=== Extracted material ===

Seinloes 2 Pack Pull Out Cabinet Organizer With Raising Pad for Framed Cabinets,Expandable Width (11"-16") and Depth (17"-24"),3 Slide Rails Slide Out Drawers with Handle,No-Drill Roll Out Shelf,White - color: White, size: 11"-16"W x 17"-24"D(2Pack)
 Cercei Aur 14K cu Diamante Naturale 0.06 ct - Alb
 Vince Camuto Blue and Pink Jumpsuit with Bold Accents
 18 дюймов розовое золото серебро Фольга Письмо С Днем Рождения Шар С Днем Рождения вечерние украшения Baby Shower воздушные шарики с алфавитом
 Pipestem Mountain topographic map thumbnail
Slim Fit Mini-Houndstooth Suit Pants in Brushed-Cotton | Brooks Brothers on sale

===
=== Extracted material ===

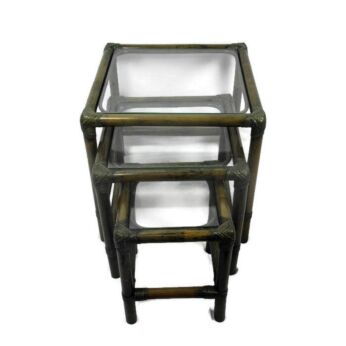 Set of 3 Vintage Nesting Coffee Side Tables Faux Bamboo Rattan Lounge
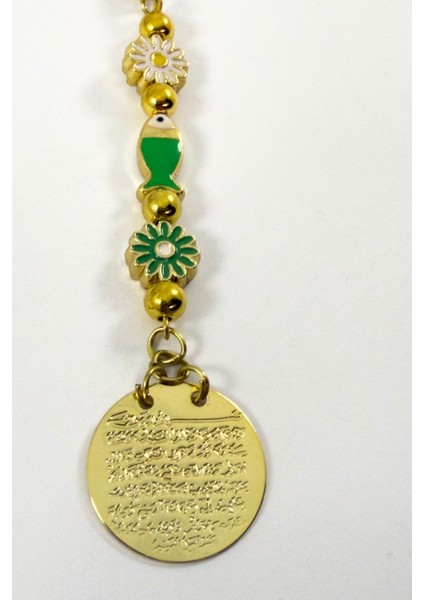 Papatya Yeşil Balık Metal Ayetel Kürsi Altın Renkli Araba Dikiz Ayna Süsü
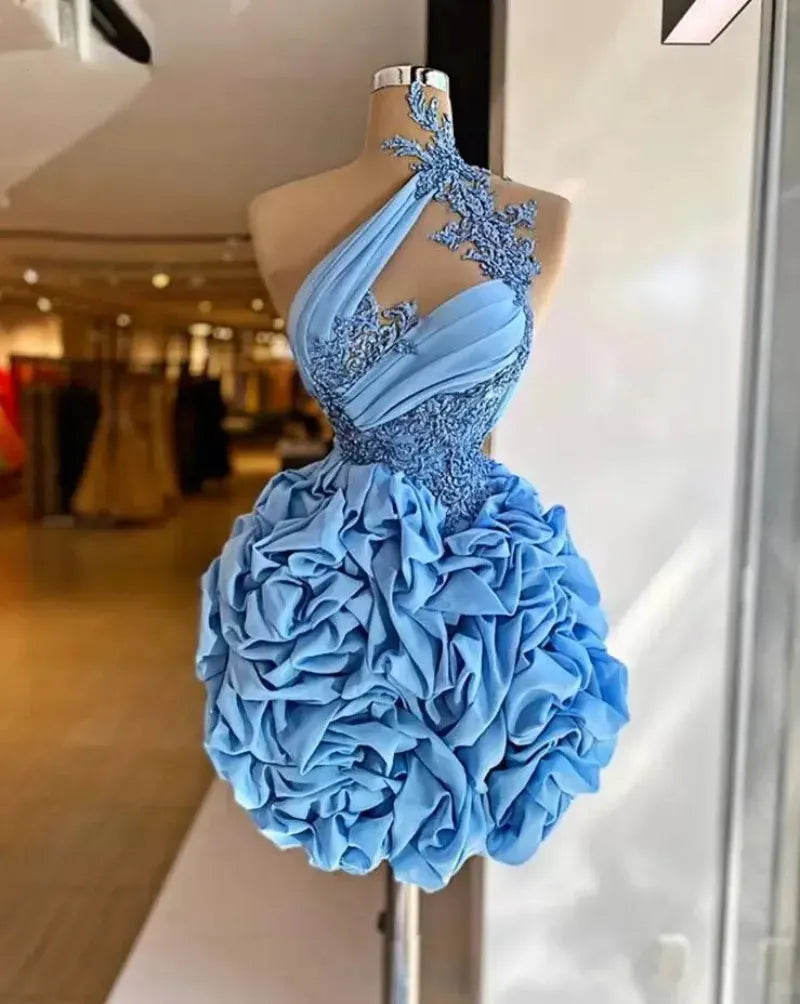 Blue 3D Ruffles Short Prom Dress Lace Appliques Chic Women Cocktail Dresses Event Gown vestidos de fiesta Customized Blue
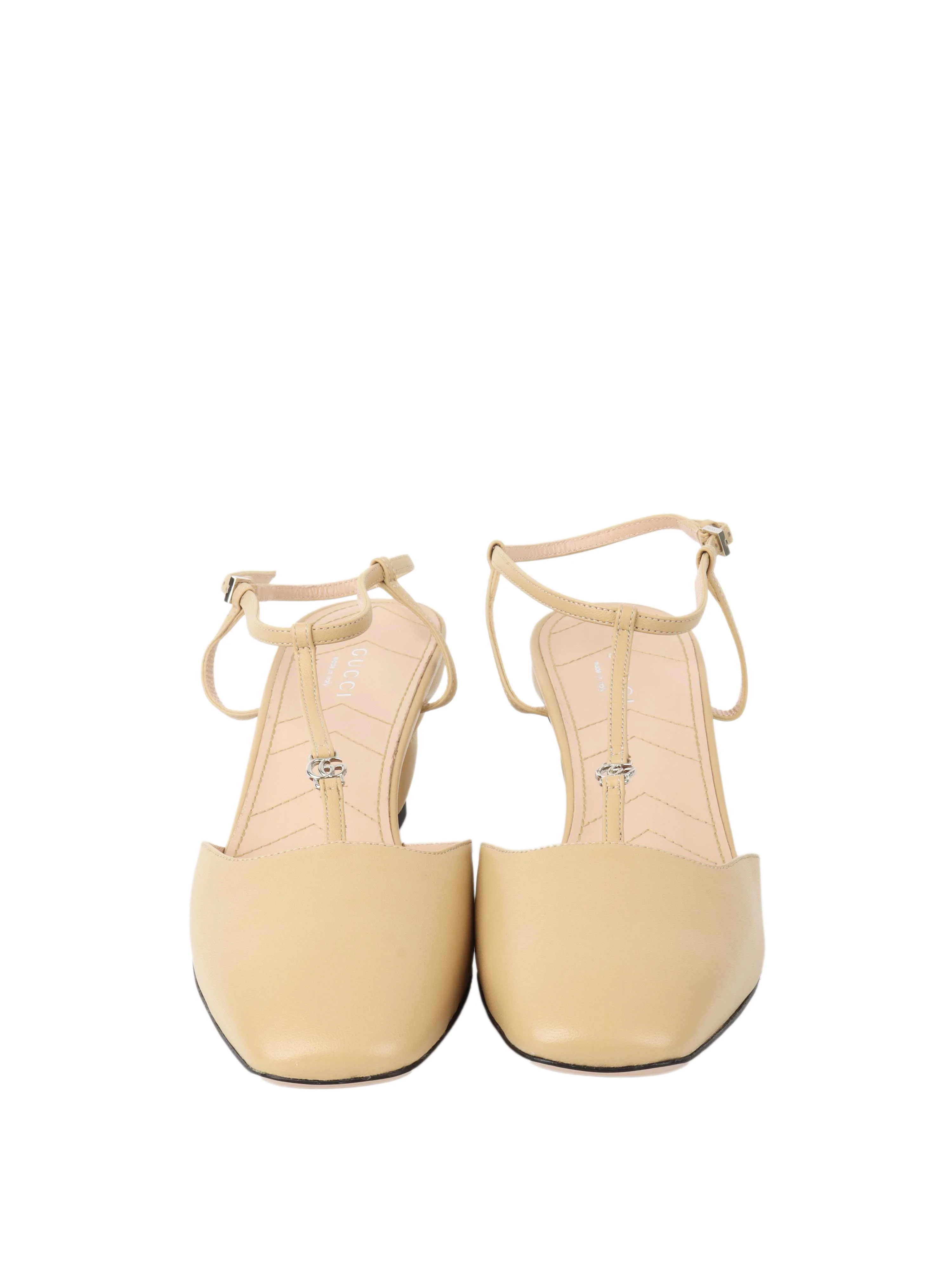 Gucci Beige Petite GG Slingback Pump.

===

▸ Goal of the exercise
Given the records above, return exactly the lines starting at the line containing "18 дюймов розовое" and ending at the line containing "Slim Fit Mini-Houndstooth", including both.

▸ Solution
 18 дюймов розовое золото серебро Фольга Письмо С Днем Рождения Шар С Днем Рождения вечерние украшения Baby Shower воздушные шарики с алфавитом
 Pipestem Mountain topographic map thumbnail
Slim Fit Mini-Houndstooth Suit Pants in Brushed-Cotton | Brooks Brothers on sale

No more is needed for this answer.